ROME — Facing international criticism over Russia’s role in the ongoing violence in Ukraine, President Vladimir Putin arrived in the Vatican on Wednesday to meet a figure with whom he’s forged an improbable geopolitical partnership on other fronts: Pope Francis.
“On the Ukrainian situation, the Holy Father stated that it’s urgent to begin an honest and great effort to achieve peace,” a Vatican spokesman said.
According to the Rev. Federico Lombardi, the Vatican spokesman, both leaders agreed on the need to reconstruct a climate of dialogue in Ukraine and the importance of the commitment to implementing the Minsk agreements, a 2014 framework for peace worked out under the Organization for Security and Cooperation in Europe.

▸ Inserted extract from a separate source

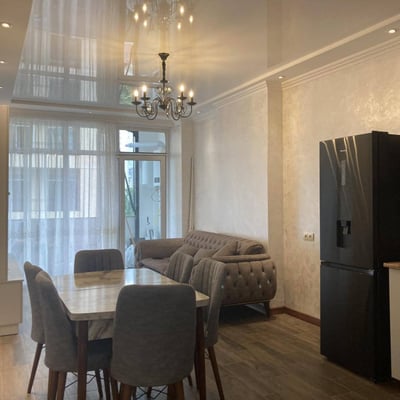 Location d'un appartement spacieux et entièrement meublé, 75 m², Batoumi, Géorgie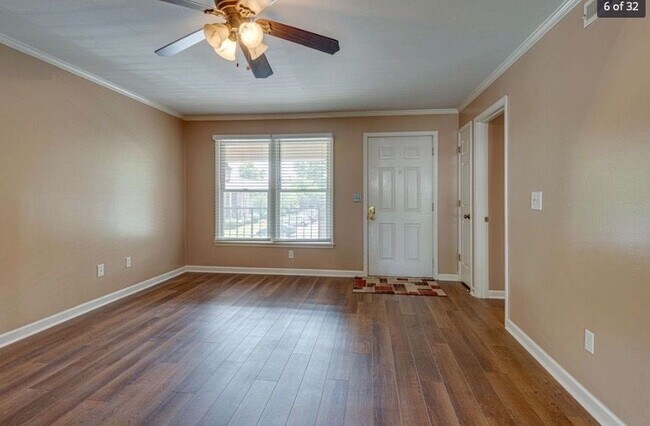 Building Photo - Great Bellevue Condo Rental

On Middle Eastern conflicts, particularly Syria and Iraq, Lombardi said the meeting confirmed “that which has already been agreed upon” regarding the urgency of pursuing peace, with the concrete involvement of the international community, “ensuring in the meantime the necessary conditions for the life of all the members of society, including religious minorities.”
According to those present, the atmosphere was “very serious but cordial,” with both Francis and Putin remaining in silence while photographers and journalists were still in the room.
As is customary during these meetings, the two leaders exchanged gifts. Putin gave Francis an embroidered picture of the Moscow’s Church of Jesus Savior, destroyed in Soviet times and recently rebuilt.
The pope gave the Russian president a medallion portraying the Angel of Peace, who Francis said “defeats all wars and speaks of the solidarity between peoples.” He also gave Putin a copy of his apostolic exhortation “Joy of the Gospel,” saying it’s full of “religious, human, geopolitical, and social reflections.”
Both the medallion and the apostolic exhortation are recurring gifts the pope gives to the political leaders who visit him.
Putin arrived to the appointment 75 minutes late, breaking his own record: When he visited Francis in 2013, he arrived 50 minutes late.
The pope and the Russian president have enjoyed an odd-couple bond of sorts since the beginning of Francis’ pontificate.
In 2013, as the United States and other Western nations prepared to deploy military force against the regime of Bashar al-Assad in Syria, to try to stop the invasion Putin reportedly told the members of the United Nations Security Council that “we might listen to the pope.”
Francis had sent him a letter, urging member nations “to lay aside the futile pursuit of a military solution.” By all accounts, it was Francis’ missive that stopped the invasion.
In a similar manner, Francis finds in Putin an ally for the protection of persecuted minorities in the Middle East. Given that the majority of the embattled Christians being killed by Islamic terrorist group ISIS are Orthodox, Putin insists that Russia has a special historical role as their protector.
The situation in the Ukraine, however, remains a sore spot.
Francis has so far refrained from calling Moscow out for the Kremlin’s role in the conflict, “calling it a fratricidal war.” Putin has publicly denied the presence of Russian military forces on the ground.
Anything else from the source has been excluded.